(Recorded data)
--- START ---

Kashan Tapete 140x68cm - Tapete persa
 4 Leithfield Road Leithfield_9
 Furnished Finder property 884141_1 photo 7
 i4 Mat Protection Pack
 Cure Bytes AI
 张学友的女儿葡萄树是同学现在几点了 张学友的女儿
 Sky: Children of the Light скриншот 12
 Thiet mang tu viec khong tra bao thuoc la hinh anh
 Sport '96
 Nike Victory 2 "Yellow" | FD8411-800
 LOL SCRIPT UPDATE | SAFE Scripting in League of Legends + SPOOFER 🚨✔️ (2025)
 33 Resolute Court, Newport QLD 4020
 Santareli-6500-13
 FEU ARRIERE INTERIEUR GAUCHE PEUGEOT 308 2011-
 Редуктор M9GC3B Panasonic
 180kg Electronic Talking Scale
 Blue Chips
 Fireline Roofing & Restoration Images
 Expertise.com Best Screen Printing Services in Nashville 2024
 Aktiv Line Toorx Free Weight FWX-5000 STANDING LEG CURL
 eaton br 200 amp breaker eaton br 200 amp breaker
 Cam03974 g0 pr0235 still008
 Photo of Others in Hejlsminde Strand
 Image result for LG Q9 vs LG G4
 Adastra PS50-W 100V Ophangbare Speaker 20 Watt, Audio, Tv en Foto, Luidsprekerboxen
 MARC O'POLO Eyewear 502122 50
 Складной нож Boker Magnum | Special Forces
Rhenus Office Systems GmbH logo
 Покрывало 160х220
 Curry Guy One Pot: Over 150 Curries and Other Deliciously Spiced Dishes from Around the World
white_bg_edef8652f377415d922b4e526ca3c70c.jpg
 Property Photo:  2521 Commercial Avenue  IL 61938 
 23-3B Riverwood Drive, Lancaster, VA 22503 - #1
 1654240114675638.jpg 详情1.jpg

--- END ---

Assignment:
Lines from the one with "2521 Commercial Avenue" through the end of the data: set these down exactly, including both ends and nothing more.

Reply to the exercise:
 Property Photo:  2521 Commercial Avenue  IL 61938 
 23-3B Riverwood Drive, Lancaster, VA 22503 - #1
 1654240114675638.jpg 详情1.jpg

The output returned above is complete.